OK, found the BBC story on it:

http://news.bbc.co.uk/2/hi/uk_news/education/7612152.stm

They seem to be the only ones to have long quotes from Prof. Reiss.

Quote
He says that in his experience it is more effective to include discussion about creationism alongside scientific theories such as the Big Bang and evolution.

"An increasing percentage of children in the UK come from families that do not accept the scientific version of the history of the universe and the evolution of species.

"What are we to do with those children? My experience after having tried to teach biology for 20 years is if one simply gives the impression that such children are wrong, then they are not likely to learn much about the science that one really wants them to learn.

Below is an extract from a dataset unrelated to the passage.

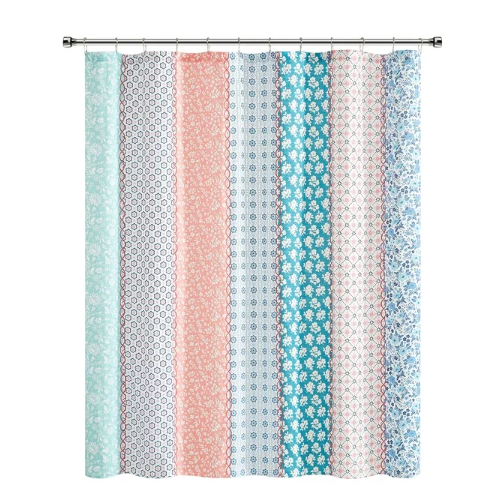 The Pioneer Woman Ditsy Patchwork Cotton-Rich Shower Curtain, 72"x72"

"I think a better way forward is to say to them 'look, I simply want to present you with the scientific understanding of the history of the universe and how animals and plants and other organisms evolved'.

He also added a clarification on his position regarding creationism in schools.

"Some of my comments about the teaching of creationism have been misinterpreted as suggesting that creationism should be taught in science classes. Creationism has no scientific basis.

"However, when young people ask questions about creationism in science classes, teachers need to be able to explain to them why evolution and the Big Bang are scientific theories but they should also take the time to explain how science works and why creationism has no scientific basis.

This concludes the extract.